Thanks for your advice. That was very helpful. I will definitely try that out...
=)


----------



## Sidech (Apr 3, 2006)

My dog is also let alone about 9-10 hours a day because we both work. She is trained to go outside and goes once in the morning, once at 5 o'clock and once at 11. She goes on schedule (I didn't teach her, she was like that when I got her at 15 months) so even when we're home, she still only goes 3 times a day. Tamara is 4 pounds. Before her, we had a 16 pound Boston Terrier who also was left during the day and did not have accidents. So it is very possible to do. I also had a Yorkie who went on newspaper during the day (no way he could have held it) and outside when we were home.
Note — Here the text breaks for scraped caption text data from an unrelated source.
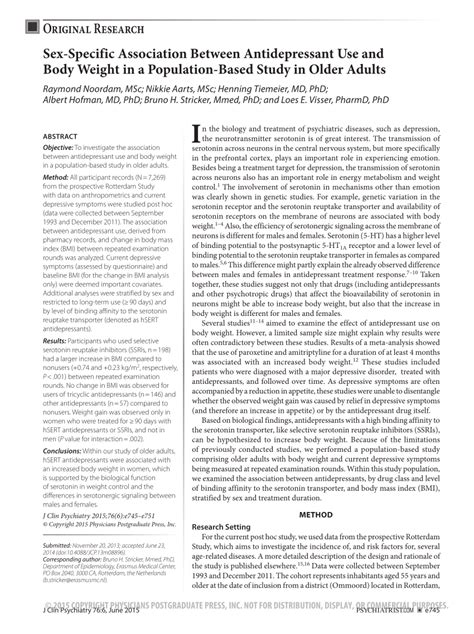 PDF Sex Specific Association Between Antidepressant Use And Body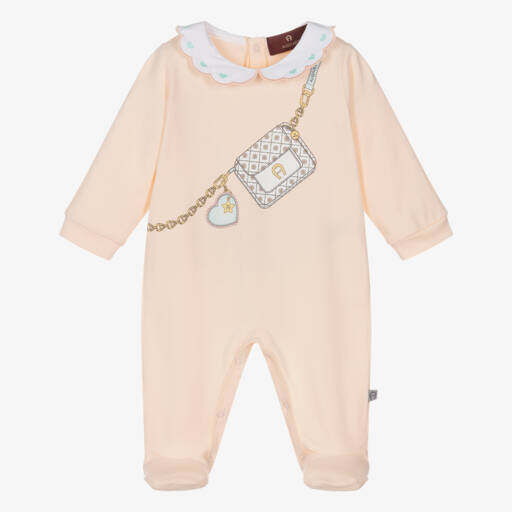 AIGNER-Girls Pastel Orange Pima Cotton Handbag Print Babygrow  | Childrensalon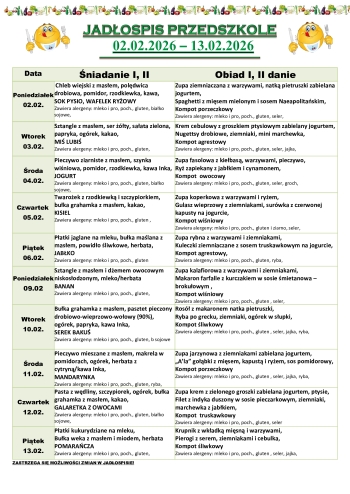 JADŁOSPIS PRZEDSZKOLE 02.02.-13.02.2026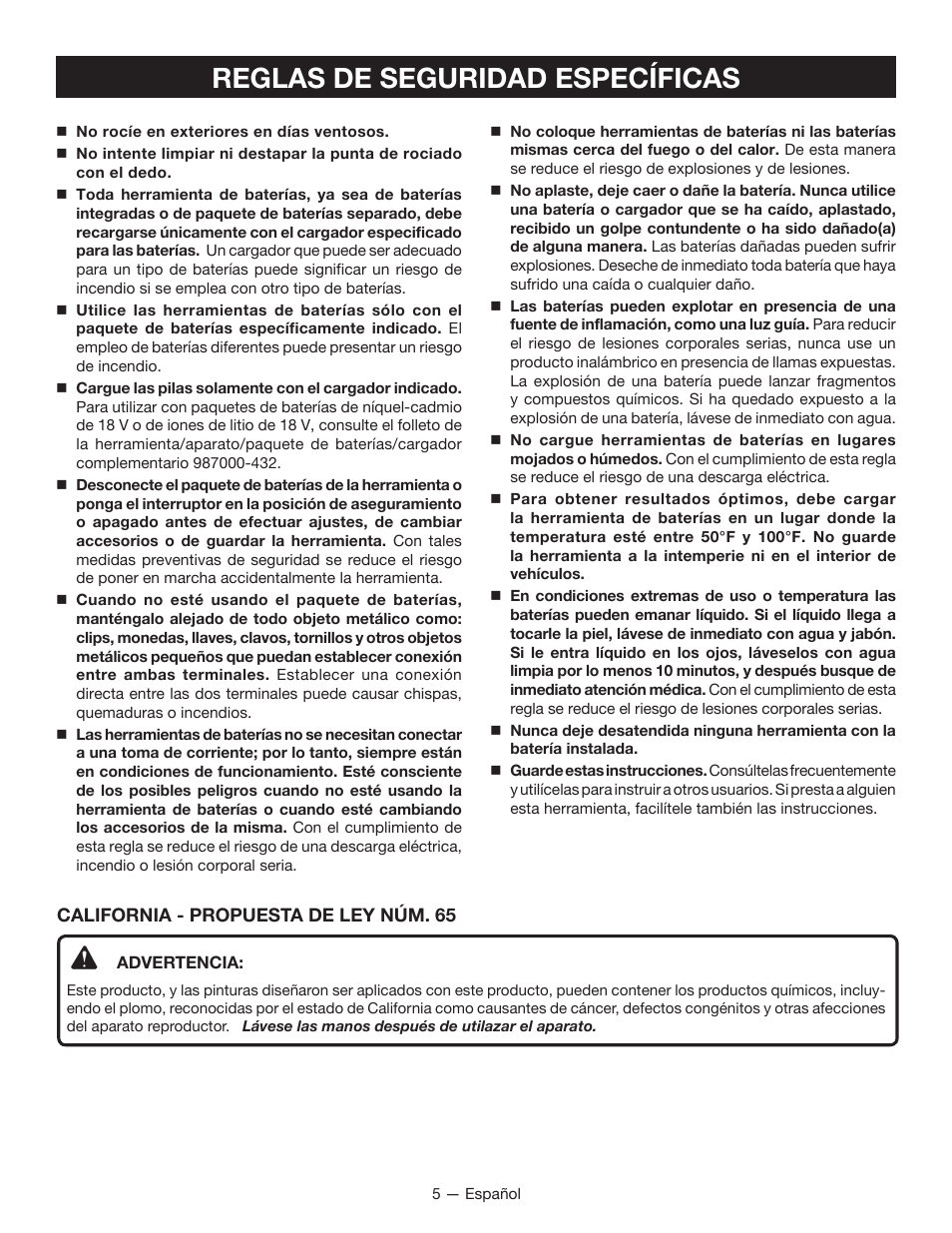 Reglas de seguridad específicas | Ryobi P650 User Manual | Page 26 / 36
Gradually, he went less and less on the paper after a while, he only went maybe once a day on paper (pee and poop), the rest of the time outside. Tamara doesn't ask for the door (yet, or maybe I don't get her signals) so I have to make sure I take her. Also, she doesn't stay outside on her own, I stay with her until she's done. I've taught her a command and she does it when I ask her to.
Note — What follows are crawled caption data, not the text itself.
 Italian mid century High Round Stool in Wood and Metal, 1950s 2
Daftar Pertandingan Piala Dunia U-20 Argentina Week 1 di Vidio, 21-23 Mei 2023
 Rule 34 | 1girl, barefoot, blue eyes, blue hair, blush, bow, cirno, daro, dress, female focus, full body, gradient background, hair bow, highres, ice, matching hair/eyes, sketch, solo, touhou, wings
So you see, you have plenty of ways to do it. Choose the one you like best and stick to it. That's the key to success. Good luck!


----------



## Tucker-N-Jasper (Aug 6, 2005)

I am going to be switching my guys to go out on the patio (gonna make a sod bed for them). I'm not sure if I'll leave the doggy door open for them while I'm gone or leave the pad out. I am like SevDev and I'm sick of the pee smell. I figure since Jasper is starting to follow Tucker's lead and Tucker is fully trained I can get by with the switch.


----------



## serina48723 (Jun 11, 2006)

I prefer housebreaking outside. Of course I have 7 dogs so wee wee pads aren't an option for me.


----------



## dolly'sgrandma (Nov 8, 2005)

I don't work but I've often left my dogs home for that long...once they are old enough that it's not an issue for them to hold it, I don't really see the problem. When we are out of town, I have someone check on them every 12 hours, and there isn't a problem. I don't leave Dolly for that long only because I DO have other dogs and they might get a bit rough playing with her, so if I have to crate her for that long, I usually take her with us. That said, she used to be crated for 8 hours at night, and since she always sleeps with us, I don't feel bad crating her up to 6 hours now.
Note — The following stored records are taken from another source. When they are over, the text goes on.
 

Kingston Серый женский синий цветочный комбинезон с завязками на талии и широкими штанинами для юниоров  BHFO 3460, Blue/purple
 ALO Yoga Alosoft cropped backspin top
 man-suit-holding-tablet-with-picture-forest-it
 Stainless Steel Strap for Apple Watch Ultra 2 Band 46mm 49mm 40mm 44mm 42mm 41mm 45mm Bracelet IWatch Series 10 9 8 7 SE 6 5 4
ON to the original question, I definitely think you can do both! Ms. P had the right idea. Good luck!


----------



## Gracie'smom (Jan 7, 2006)

I think you can do both, too. We use pads for Gracie, but if we're outside long enough and she has to go, she will. I have two labs that go outside all the time. It took us two years to get the younger lab completely trained without any more accidents, whereas with Gracie with the pads she was fully trained by the time she was a year old. With your chi being home all day, I wouldn't let go of the pads...9 hours is a long time for them to hold it. But there's no reason your baby couldn't go outside as well when your home. They can be flexible.


----------



## sevdev (May 1, 2006)

I apologize that we got off topic there for a while. Is it feasible for you to get a doggy door? I was leaving down pads and teaching my pup how to use the door so he had options. Just a thought.


----------



## Sandra1961 (Oct 14, 2005)

When i first got Milo,i said that i would train him to go outside. But when the time came and he came home,i started buying the puppy pads obviously,cos he couldnt go out until he was fully innoculated.
But hes now 8months old and i still buy him puppy pads. He has one in every room.
But because the weathers become warm now,hes spending time in the garden a lot more,and hes recently started weeing and pooing in the garden. It came out of nowhere,he just decided one day that outside was good enough for him 

Maybe you could try putting a puppy pad outside in the garden if you have one?
The instructions on the back of most puppy pads,is to slowly move them towards your door,and then eventually outside,then start to fold them up until they get smaller and smaller,until your dog is doing it outside.
I dont know if that works,but just thought i should mention it

Good luck



littleone said:


> Getting another dog doesnt justify or help when your dog is left that long!
> 
> If you havent got time to take care of one how are you gonna manage two?
> 
> Potty training doesnt get easier with two im afarid......


Actually,getting a 2nd dog is something thats recommended in a lot of these cases.
Obviously,all the caring people on here who own chihuahuas,wouldnt just get a chihuahua to solve the problem,but for all the other reasons of why we get them in the first place,to love them and look after them.
Chihuahuas are very social animals (or so its thought lol..my Milo doesnt like strangers) and seem to come better when there with another dog of there own breed.


----------



## kimmiek915 (Oct 4, 2005)

sevdev said:


> I apologize that we got off topic there for a while. Is it feasible for you to get a doggy door? I was leaving down pads and teaching my pup how to use the door so he had options. Just a thought.


For now, a doggy door would not be an option because it's not my own house. I share the house with my landlady/rommate and one other girl. We don't exactly have a back yard, so that would be difficult, if not impossible to do. Anyways, thanks for the ideas you guys!! I will definitely try to see if I can get my baby to go outside. I've taken her out alot, and she usually goes out with her friend who is a jack russell terrier, and she sees her go all the time but not ONCE has she peed or pooped. It's so weird. ANyways, she's doing really well with indoor training so maybe i will just stick to that like you all said. Plus, I found this brand at PetSmart, and you can get about 100 pads for about $30. Not too bad...


----------